Task to carry out: When you reach the line with "Geberit Delta15 Betätigungsplatte 115120115", transcribe it and each line after it through the last one below, exactly. Pictures stay out.
==========
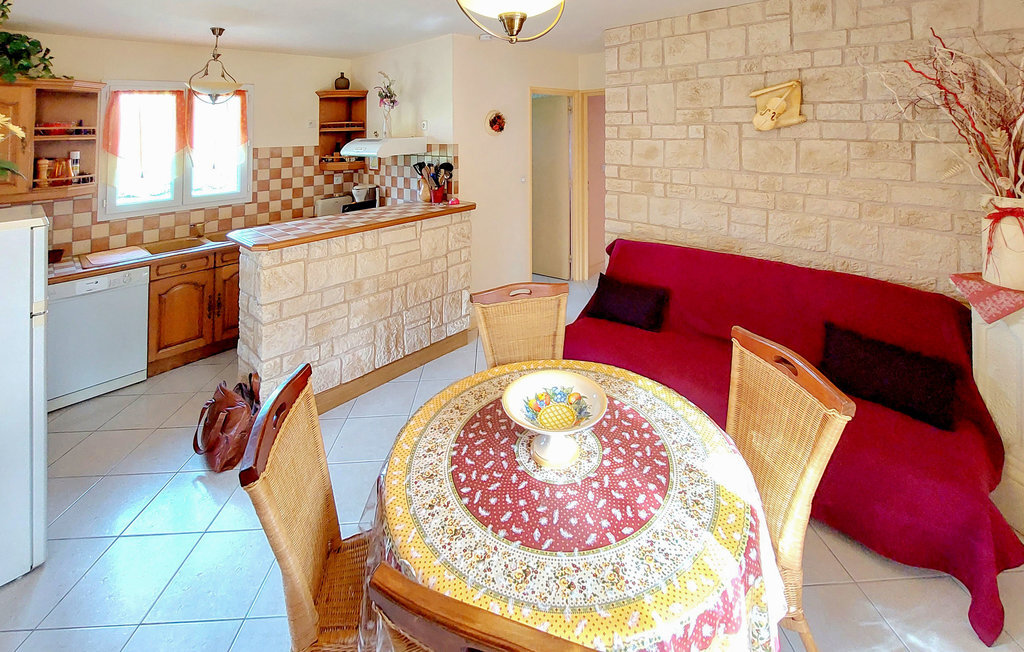 Maison pierre 50m² avec grand jardin à Souvigne - Photo 15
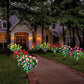 Fleurs Artificielles à Lampes Solaires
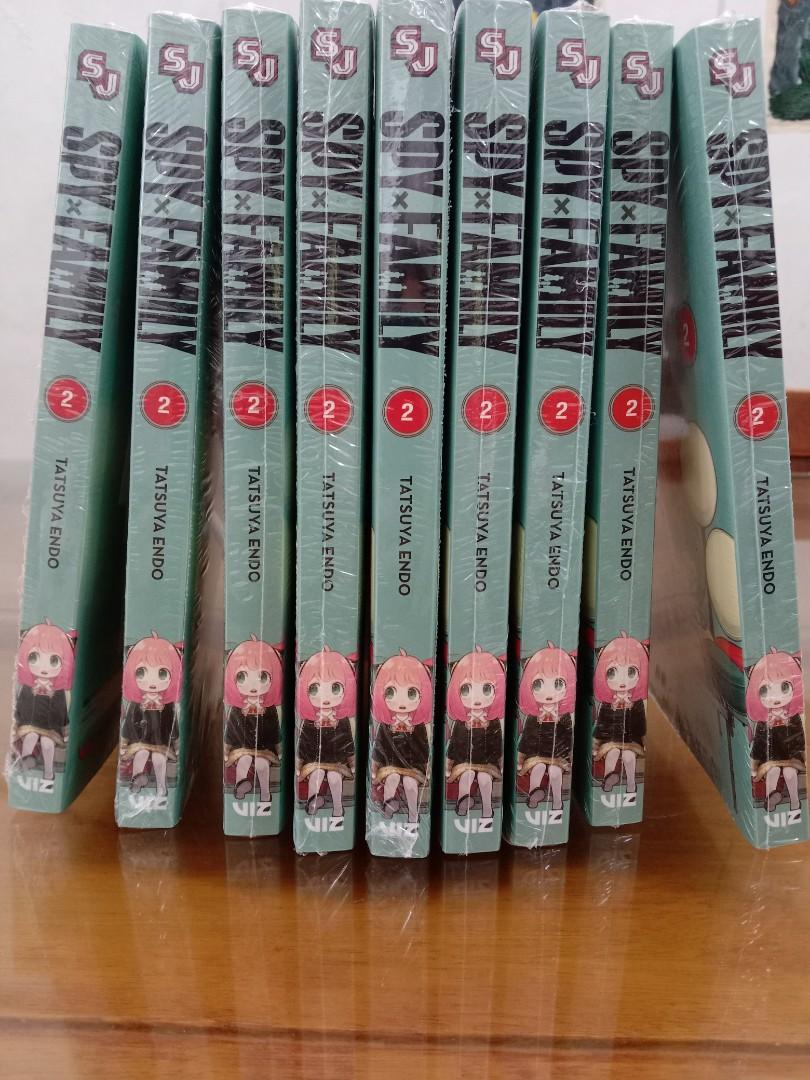 SPY X Family Volume 2, Hobbies & Toys, Books & Magazines, Comics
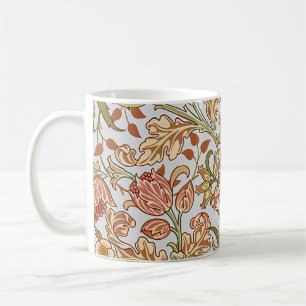 William Morris Hyacinth Floral Botanical Art Coffee Mug
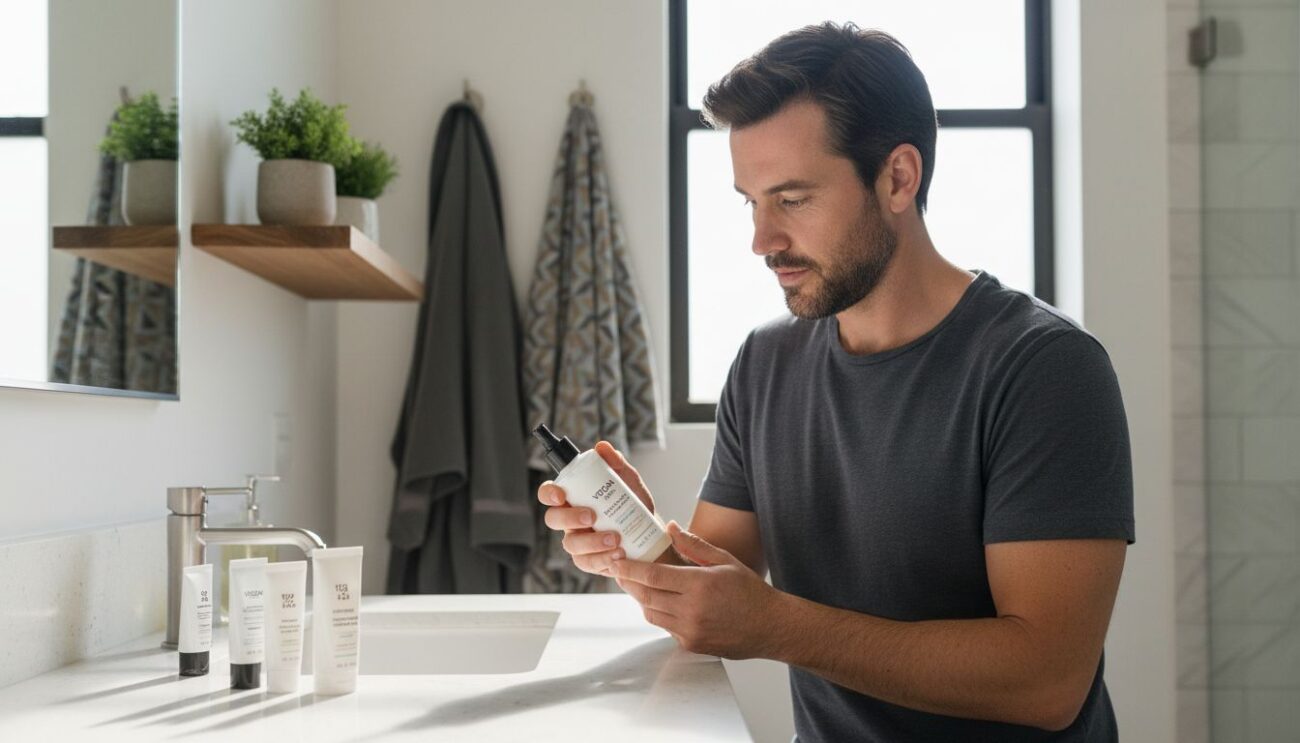 ανδρικά vegan καλλυντικά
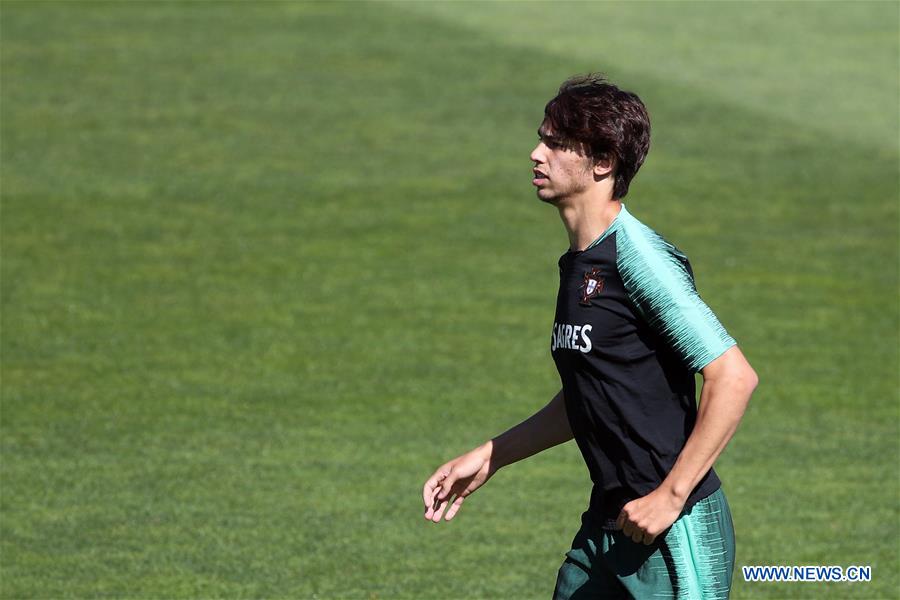 (SP)PORTUGAL-OEIRAS-SOCCER-UEFA NATIONS LEAGUE-PORTUGAL-TRAINING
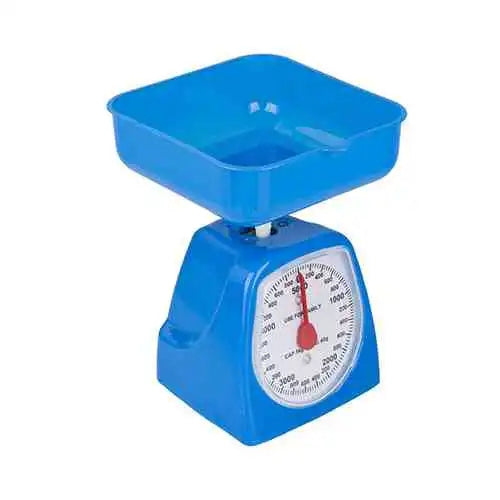 Kitchen Scale 5Kg Mechanical Dial Analog Kitchen Scale Food Balance Measuring Scale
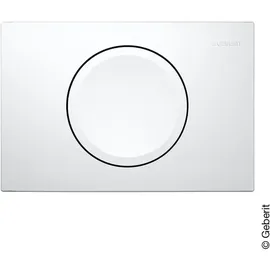 Geberit Delta15 Betätigungsplatte 115120115
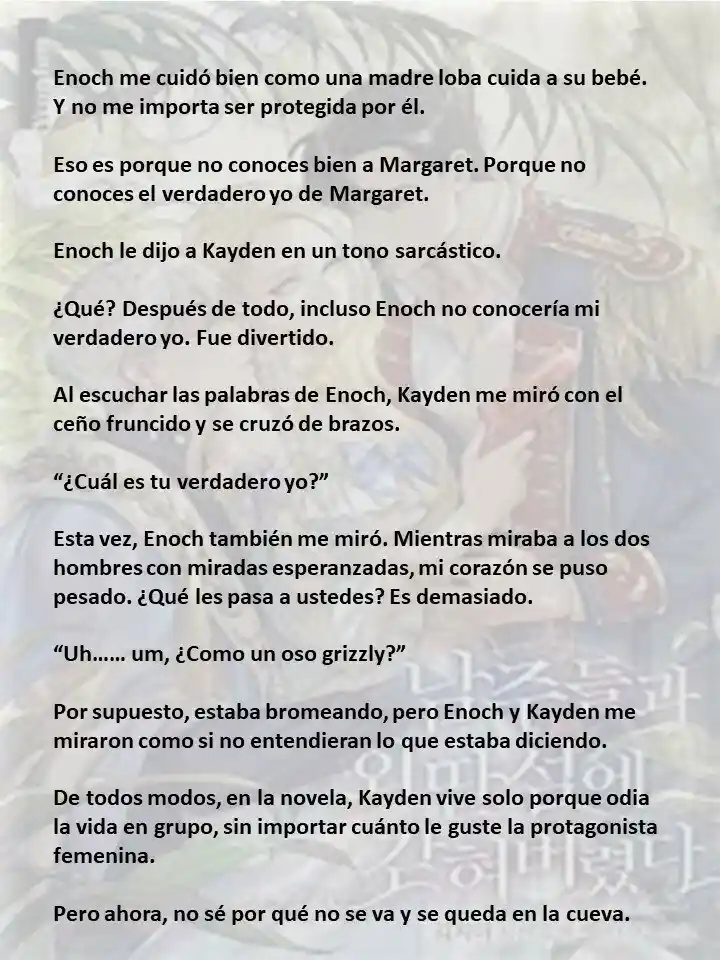 Estoy Atrapada En Una Isla Remota Con Los Protagonistas Masculinos (Novela) - Capítulo 27 - Página 4 - LectorTMOo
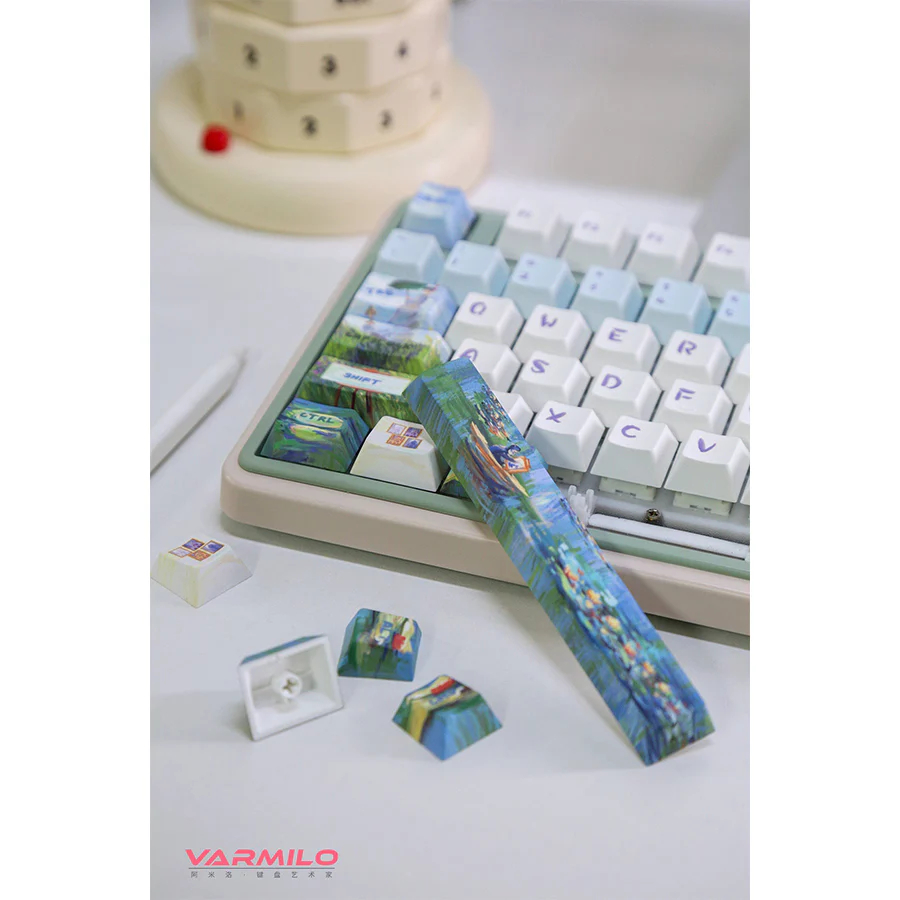 Varmilo Monet Keycap Set 124 keys - Image 8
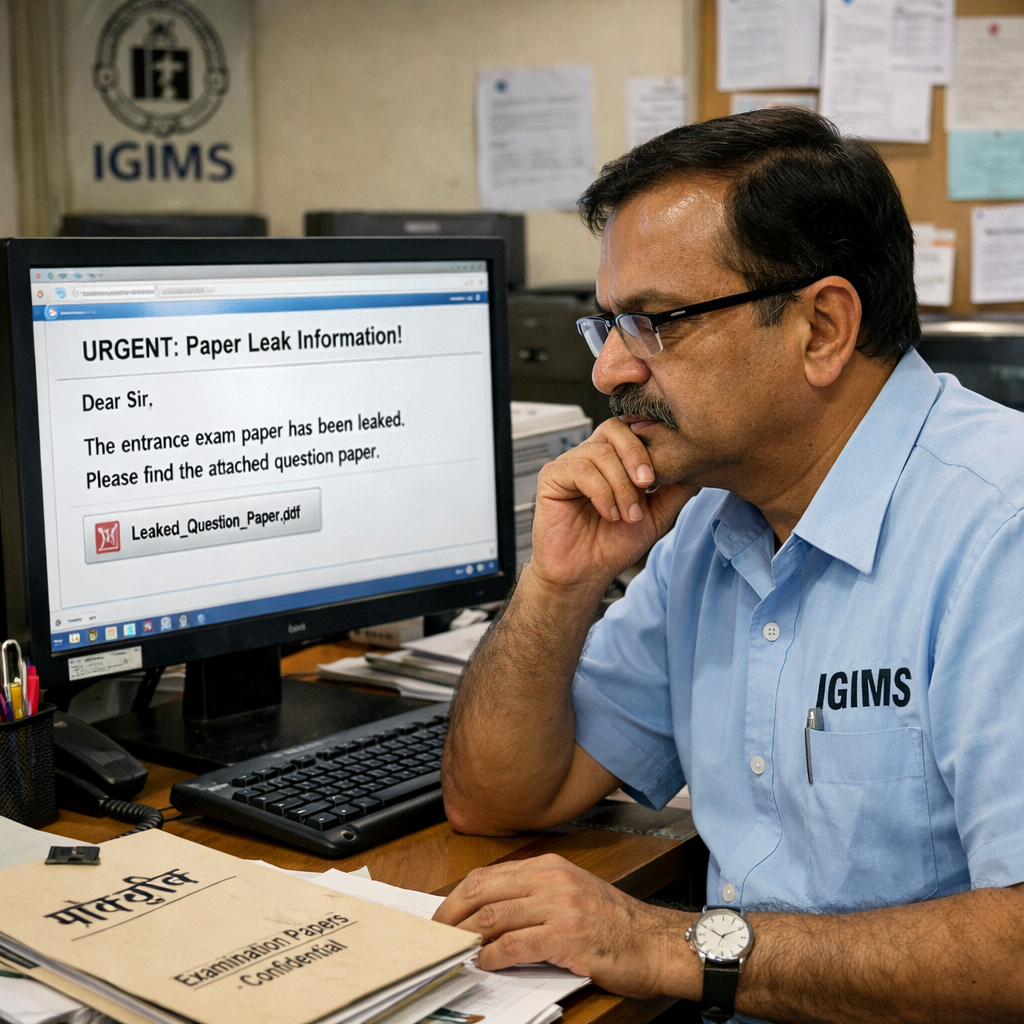 igims-patna-mbbs-pg-paper-leak-scandal-director-missing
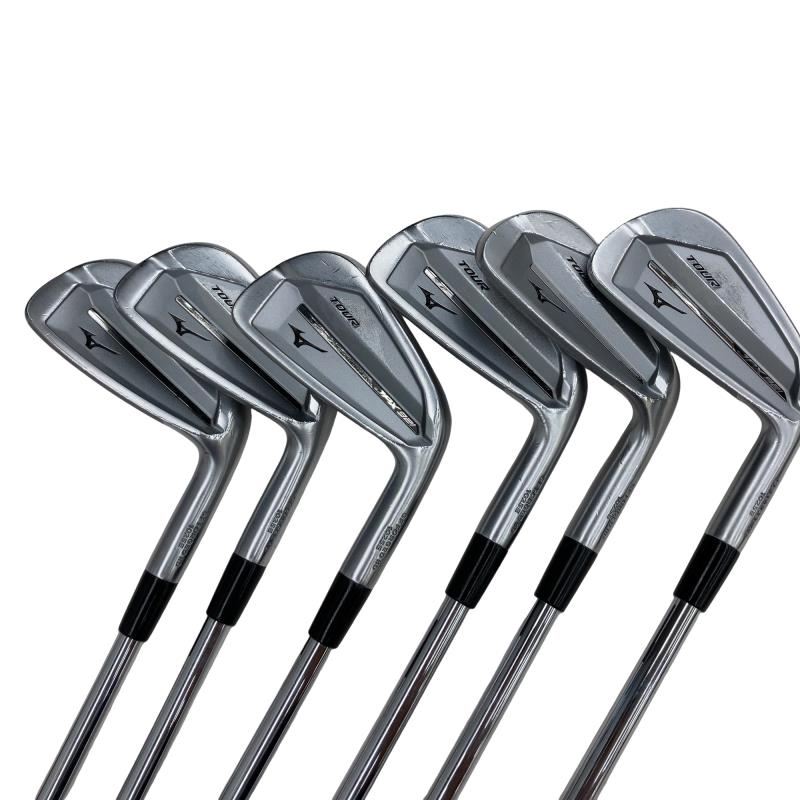 【中古】 ミズノ JPX 921 TOUR 6S アイアンセット IR 純正特注シャフト (フレックスS) メンズ 男性用 右利き 右用 Cランク ゴルフクラブ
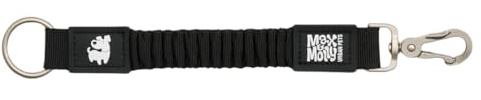 Ruckdämpfer Leinenadapter Schwarz M-L
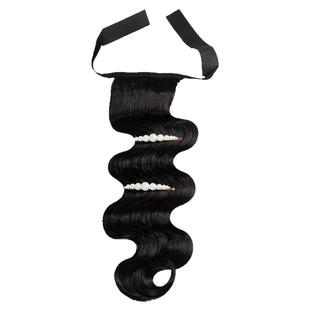 手推波纹民国风复古刘海假发片上海滩名媛头饰网纱帽珍珠发夹配饰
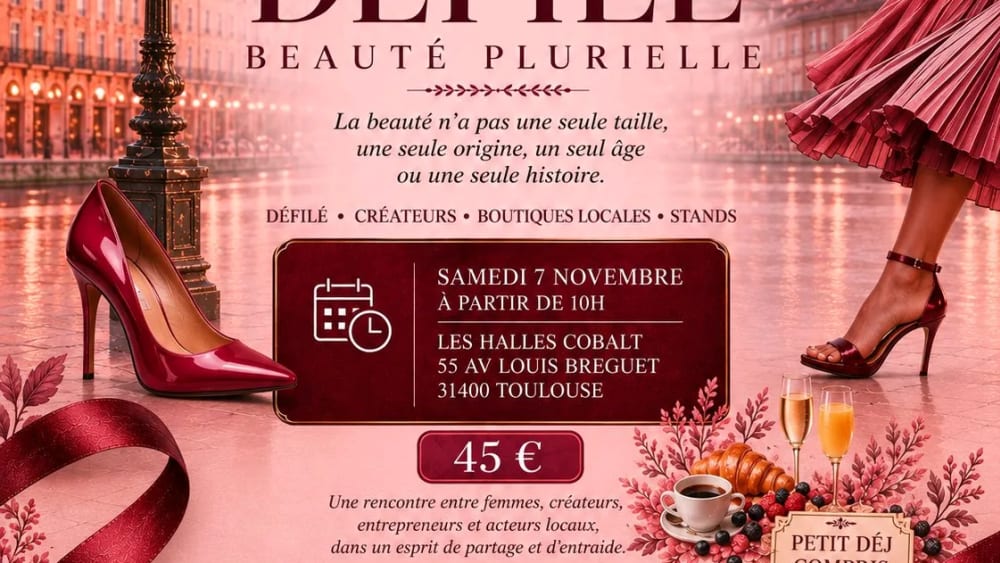 Défilé de mode 7 novembre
==========
Solution below:
 Geberit Delta15 Betätigungsplatte 115120115
 Estoy Atrapada En Una Isla Remota Con Los Protagonistas Masculinos (Novela) - Capítulo 27 - Página 4 - LectorTMOo
 Varmilo Monet Keycap Set 124 keys - Image 8
 igims-patna-mbbs-pg-paper-leak-scandal-director-missing
 【中古】 ミズノ JPX 921 TOUR 6S アイアンセット IR 純正特注シャフト (フレックスS) メンズ 男性用 右利き 右用 Cランク ゴルフクラブ
 Ruckdämpfer Leinenadapter Schwarz M-L
 手推波纹民国风复古刘海假发片上海滩名媛头饰网纱帽珍珠发夹配饰
 Défilé de mode 7 novembre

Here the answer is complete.